‘Biden praising Serbia’s European path – worrying development’
US Vice-President Joe Biden commending Serbia’s European path might effectively mean that he’s pleased with Belgrade’s policy toward capitulation on the status of Kosovo, says Srdja Trifkovic, foreign affairs editor at Chronicles Magazine.
US Vice-President Joe Biden paid a visit to Belgrade, Serbia on Tuesday. He called for “normalization” of relations between Serbia and Kosovo – its renegade province that declared independence in 2008 – which Washington and Brussels regard as a precondition for both to join the European Union.
Serbian Prime Minister Aleksandar Vucic welcomed Biden, saying that he considers the VP “a friend of Serbia” and his personal friend, as well. Biden was an outspoken advocate of US intervention against the Serbs in the 1999s, including the NATO bombing of Belgrade back in 1999.
On Wednesday, speaking in Kosovo, Biden called for “reconciliation” between Serbia and the province separate from it by US intervention, saying it’s “critical for advancing” their full integration into Europe.
Serbian PM calls top advocate of #Yugoslavia#NATO bombing Joe Biden a ‘friend of country’ https://t.co/pEky77DAd0pic.twitter.com/fDzY7i5x2y
— RT (@RT_com) August 16, 2016
RT: What your personal take on Biden’s visit to Serbia, given his statements made back in 1998 and 1999 about the country and the Balkan war?
Srdja Trifkovic: This is not Biden’s first visit to Serbia since those statements were made – he actually visited Belgrade in May, 2009. Already at that time some people were saying that it is inappropriate for him to pay the visit in the view of fact that he was collectively demonizing the Serbs as a nation in the 1990s. However, the President – that time Boris Tadic – was pursuing strongly pro-western policy, and of course the issue was not raised.

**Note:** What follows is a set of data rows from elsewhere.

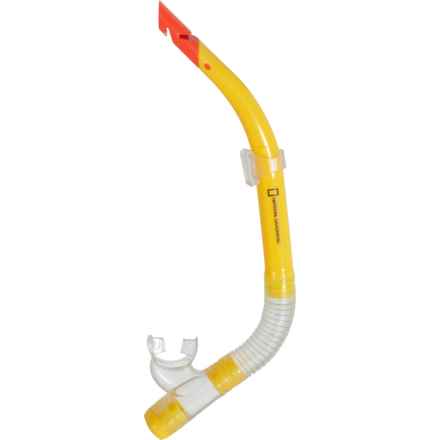 National Geographic Wahoo S Snorkel in Yellow
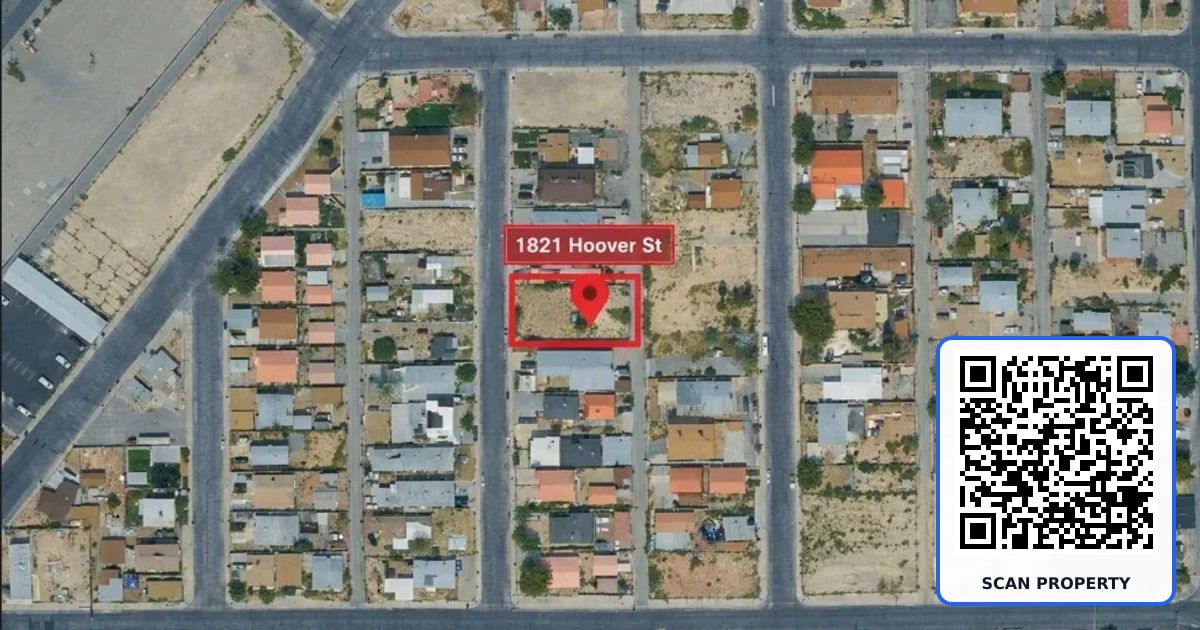 1821 Hoover Street property photo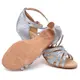 Dancee Star, pantofi dans latin pentru femei - Argintiu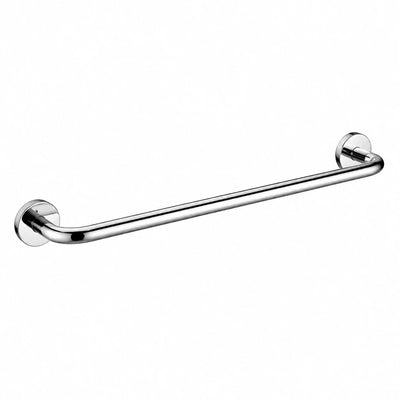 Polished Chrome Towel Bar — wall-mounted SUS304 stainless steel bathroom hardware | SANIKB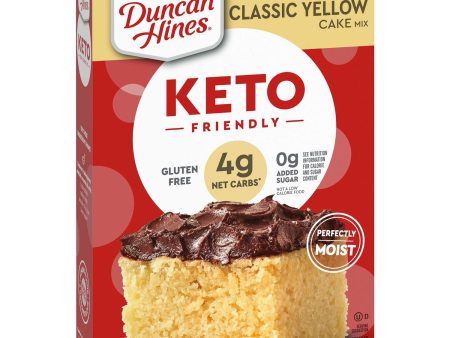 Duncan Hines Keto Friendly Cake Mix Cheap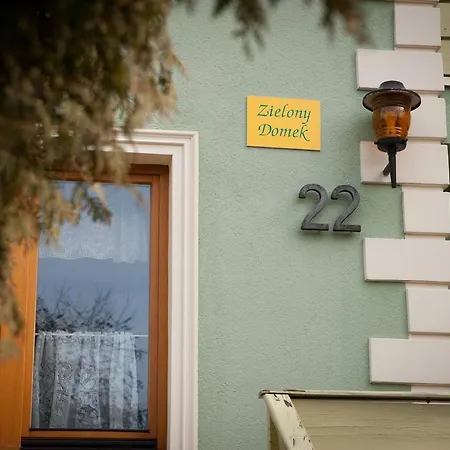 Zielony Domek Hostel Gdańsk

There is a continuity of this policy under the current Prime Minister, Aleksandar Vucic, who is now in his second mandate and who is insisting on the elusive European path for Serbia, which entails subservience to the wishes of both Brussels and Washington. That is why I think that it is only – as it happens, the fringe – people like Vojislav Sheshelj and the Radical Party, who actually bothered to demonstrate against Biden. Most of ordinary Serbs remember what Biden was saying, both during the wars in Bosnia and Croatia, and later during the NATO intervention in Kosovo. But ordinary Serbs have no means of airing their opinions, and the government is treating Biden as VIP of the highest possible order.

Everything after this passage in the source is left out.